Source: Statnett, Nordic Grid Development Perspective 2025, www.statnett.no
Notes: Iceland forms its own price area (IS) but has no interconnections.
Prices in adjacent bidding zones can diverge considerably, and grid congestion is the primary reason why the divergence happens. Nordic countries simultaneously import and export large volumes of electricity. Sweden was the largest net exporter in 2024 (32 TWh) followed by Norway (18 TWh). Denmark, situated geographically between the Nordic and continental grids, runs large flows in both directions and was a small net importer. Across the region, the Nordics were a net exporter of about 45 TWh, mostly to Germany and Great Britain.
The cross-border infrastructure that supports this trade combines high-voltage direct current (HVDC) interconnectors and, in the Danish case, high voltage alternating-current (HVAC) connections to Germany (for detailed terminology on interconnectors, see Annex 1). The current map of HVDC interconnections is shown in Figure 5.10. The interconnectors are what allow the Nordic system to function as a single market and what make Norwegian and Swedish hydro reservoirs available as a flexibility resource for the wider European system.
""Source: ENTSO-E HVDC Utilisation and Availability Statistics 2024.
Figure 5.10: Nordic HVDC interconnectors
The European Commission requires each EU member state to be able to import the equivalent of at least 15 per cent of its installed generation capacity from neighbours.
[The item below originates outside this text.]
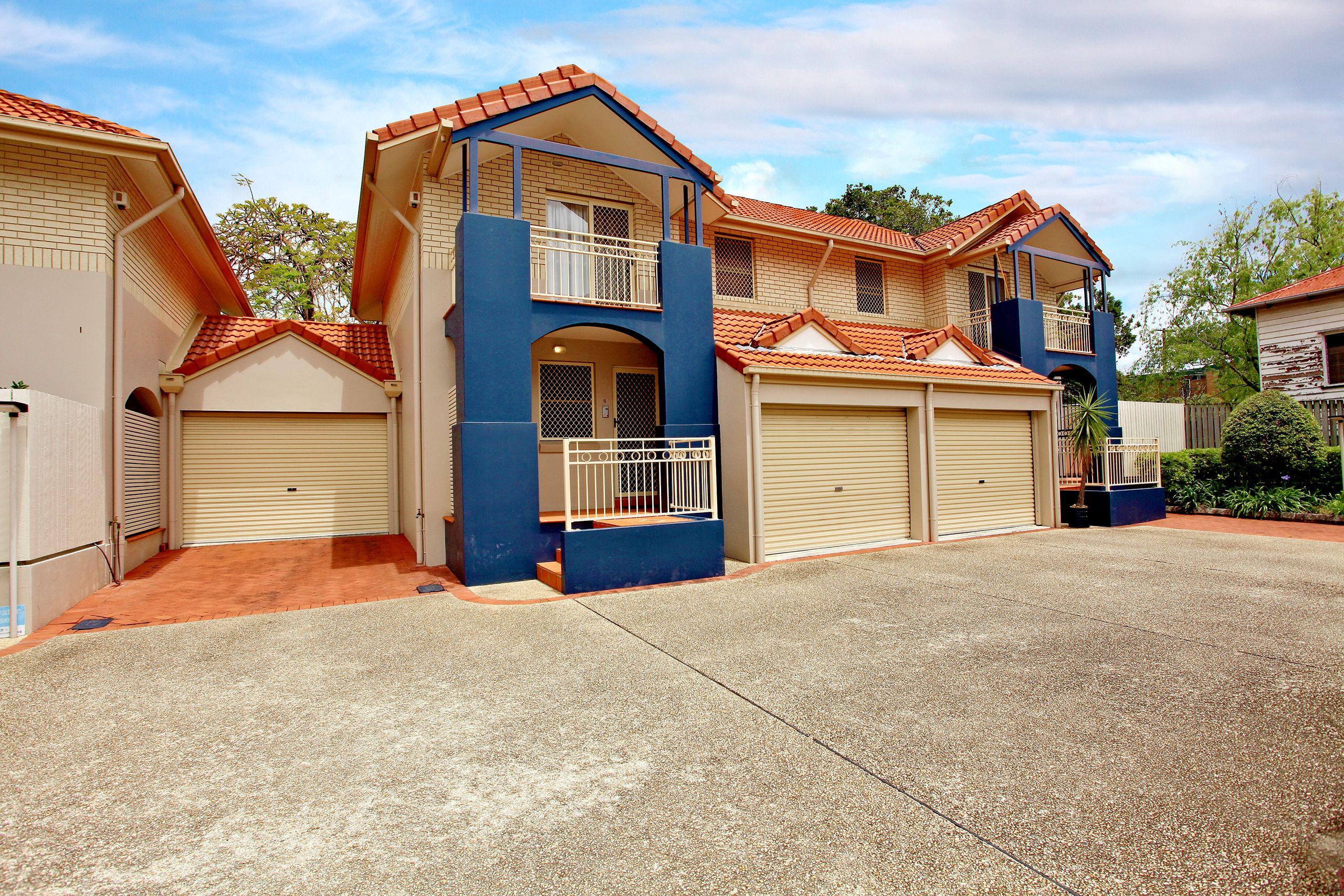 55 Wellington Street, Coorparoo QLD 4151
This is the headline measure of how well connected a country is to the wider European grid. As of 2026, all three Nordic EU members meet the target. The path to get there has not been straightforward. As wind and solar capacity grew rapidly over the past decade, cross-border transmission did not keep pace, and both Finland and Sweden dipped below the 15 per cent threshold for several years. Denmark has remained well above it throughout, reflecting its position as a transit hub between the Nordic and continental European grids.
The politics of building inter­connections complicate the technical picture. While more cross-border capacity raises system-level resilience and efficiency, the effects are uneven: in energy-producing regions, integration pushes prices up towards the system average, which is politically contentious. This tension has been visible in Norway, where the current government has resisted renewing ageing cables linking Norway with Denmark rather than face the domestic political cost of higher electricity prices that interconnection brings. Similar concerns were on display in Sweden in May 2026, when Energy Minister Ebba Busch ordered Sweden’s TSO Svenska kraftnät to halt work on Konti-Skan Connect, a planned renewal and expansion of the HVDC links between south-western Sweden and Denmark. The gap between what the system needs technically and what politics will currently deliver is one of the defining structural tensions in Nordic electricity security.
Country
2021
2022
2023
2024
2025
2026
Denmark
45.8
42.7
41.3
36.0
36.5
35.5
Finland
24.2
24.0
20.1
15.5
15.2
18.4
Sweden
16.4
14.3
12.8
12.8
11.4
15.5
Table 5.1: Interconnection indicator (%) for the Nordic EU countries
Source: European Commission, electricity interconnection targets (DG ENER calculations based on import interconnection capacity and generation capacity reported for 10 January 2026, 19:00), via ENTSO-E Winter Outlook 2025–2026.
The 15 per cent cross-border interconnection headline target is complemented by three further tests that give a more practical read on whether the grid is working for consumers and the energy transition. The first asks whether electricity prices in neighbouring zones stay reasonably close to each other. The EU Commission's benchmark is a gap of no more than €2 per megawatt-hour. The second asks whether countries can import enough to meet peak demand if their own generation falls short. The third asks whether export capacity is sufficient to carry renewable electricity to where it is needed. On the first and most visible of these tests, the Nordics are well outside the benchmark: price differences between adjacent bidding zones routinely and significantly exceed €2/MWh, as Figure 5.11 shows. The Nordic electricity system is interconnected but far from a unitary system, and that constraint limits how much the Nordics can support each other when electricity production in one country comes under sustained strain.
Figure 5.11: Selected price differentials between Nordic bidding zones, 2023–2026
Source: Author's calculations based on Nord Pool monthly aggregate wholesale prices.
Notes: Prices expressed as 12-month moving averages. In 2023, prices were recovering from the shock caused by the war in Ukraine. Reference threshold of €2/MWh under the European Commission interconnection adequacy test shown in grey. All five sample bidding-zone pairs exceed the threshold in most months; the FI–NO4 differential averaged over €30/MWh through 2024 and 2025.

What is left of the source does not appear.